The Quantas Flight 32 accident as described in https://www.atsb.gov.au/publications/investigation_reports/2010/aair/ao-2010-089.aspx and “In-flight uncontained engine failure Airbus A380-842, VH-OQA” (Australian Government ATSB Transport Safety Report Occurrence Investigation AO-2010-089, 27 Jun. 2013) is an example of what can happen when multiple aircraft systems fail simultaneously. In that accident, which occurred in early November 2010 while climbing through 7,000 ft after departing from Changi Airport, Singapore, the flight crew heard two ‘bangs’. The aircraft had sustained an uncontained engine rotor failure (UERF) of the No. 2 engine due to a fire caused by a crack that had developed in the oil feed pipe, causing the No. 2 engine to catch on fire and begin leaking fuel. Debris from the UERF impacted other parts of the aircraft, resulting in significant structural and systems damage. For example, a turbine disc from the damaged engine rotor detached and punched a huge hole in the wing.
A number of warnings and cautions were displayed on the electronic centralized aircraft monitor (ECAM). The pilot's display indicated twenty-one of the plane's twenty-two major systems were damaged or completely disabled. As the plane's problems cascaded, the step-by-step instructions the ECAS display provided became so overwhelming that no one was certain how to prioritize or where to focus. Because so many systems were damaged, some instructions seemed to contradict other instructions.
Luckily, there happened to be additional crew on the flight deck as part of a check and training exercise, and this additional crew helped in dealing with the failure. Meanwhile, instead of trying to understand the full complexity of the failures, the captain instead began focusing his attention on a simplified mental model of the aircraft. Transcripts of the voice recorder show that the captain said at a certain point: “So forget the pumps, forget the other eight tanks, forget the total fuel quantity gauge. We need to stop focusing on what's wrong, and start paying attention to what's still working.” This was a crucial turning point in the decision-making process. Under the captain's command, the expanded flight crew managed the situation and, after completing the required actions for the multitude of system failures, safely returned to and landed at Changi Airport with no injuries.

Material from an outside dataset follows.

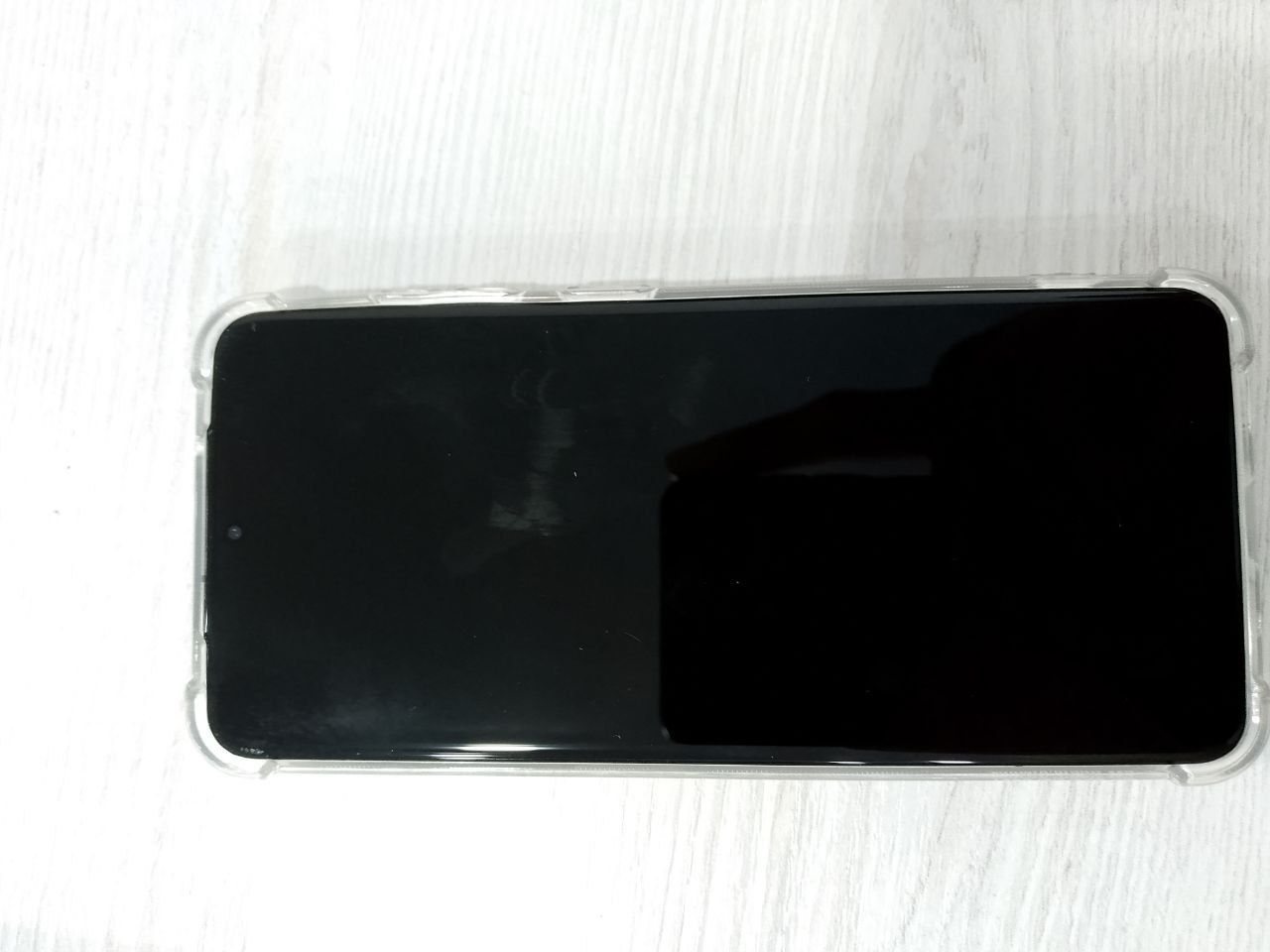 S20 euro 128ga 8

Some in the past have tried to address the issue of automatically diagnosing complex failures such as those experienced by Quantas flight 32, but generally speaking, none of them provide a usable automation method to run multiple possibilities in parallel and select the best possibility or possibilities to provide a safety net for non-deterministic processes.
Complex safety critical systems have procedures for operator-intervention in case of failures of specific subsystems or components. Those procedures are usually defined per subsystem or component failure, such as aircraft quick reference handbooks (“QRHs”) that contain procedures such as “Engine Failure”, “Battery 1 Failure” and so on. See
This is because for a large and/or complex system, in case of complex failures involving multiple subsystems/components or unexpected operation scenarios, it is usually impossible to define procedures for each case due to rapid combinatorial explosion. This makes it difficult for operators to intervene and also makes it difficult to automate the intervention process, even with current artificial intelligence techniques, due to concerns with potential illogical and non-deterministic output(s).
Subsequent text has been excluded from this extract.